In C + +, the Const object can only invoke the const member function, for what reason. Let's look at the following examples and analyze them to understand why:
#include <iostream>
#include <string>
using namespace std;
Class myint{
private:
int i;
Public:
MyInt () {
}
MyInt (int i): I (i) {
}
myint& operator++ () {
this->i = 1;
return *this;
}
Const MYINT operator++ (int) {
MyInt oldint = MyInt (*this);
This->i + 1;
return oldint;
}
void Show () {
cout << i << endl;
}
};
int main () {
MyInt mi (mi2);
Mi2++.show ();
return 0;
}
Compile an error:
We can see that the compiler complains that the Const Myint cannot be converted to Myint&, and that there are some conversion problems when the Const object calls the non-const member function, so let's take a look at the following analysis: The const object cannot invoke a non-const member function:
Void Show () is equivalent to void show (myint* this), not a const object that mi2 call is mi2.show (), That is, a non-const object is passed the pointer that myint* this entry, so the show function executes successfully.

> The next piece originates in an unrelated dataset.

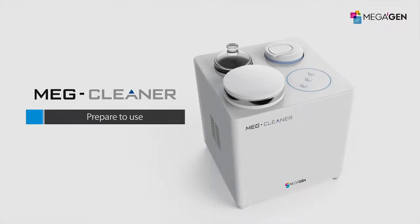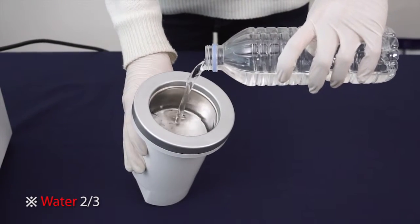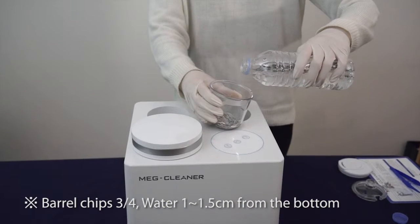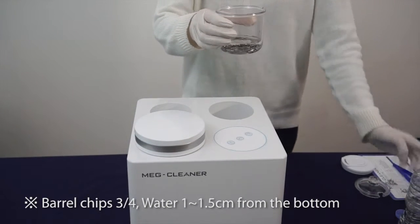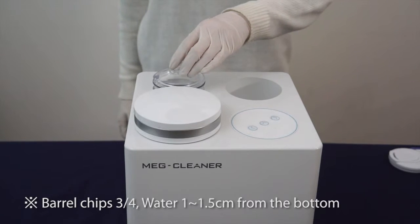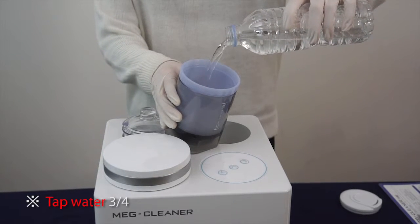Prepare to use: fill tap water into the soaking jar up to two-thirds level. After putting about three-fourths of the barrel chips into the soaking jar, fill about 1.5 centimeters of tap water into the washing jar from the bottom. Please fill tap water into the rinsing jar up to the three-fourths level.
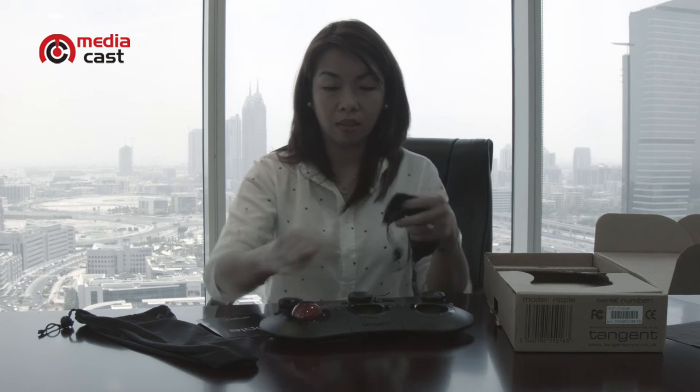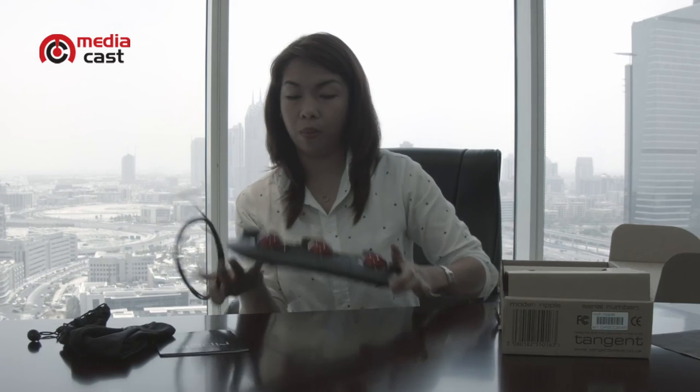Here's the Ripple panel. I'm going to put the tracker balls here. It is connected by USB. This is it.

What about the const object? const MYINT MI3 (10), now equivalent to the type of argument currently passed in is a const myint*, at which point passing the pointer to the myint* has a conversion failure problem. Therefore, a const member object cannot invoke a non-Const member object. The const object can call the const member function: The
Const object can invoke the const member function because the const member function default argument is const myint* This, we create a const object, that is, the pointer passed in is still a const myint*, so the call succeeds.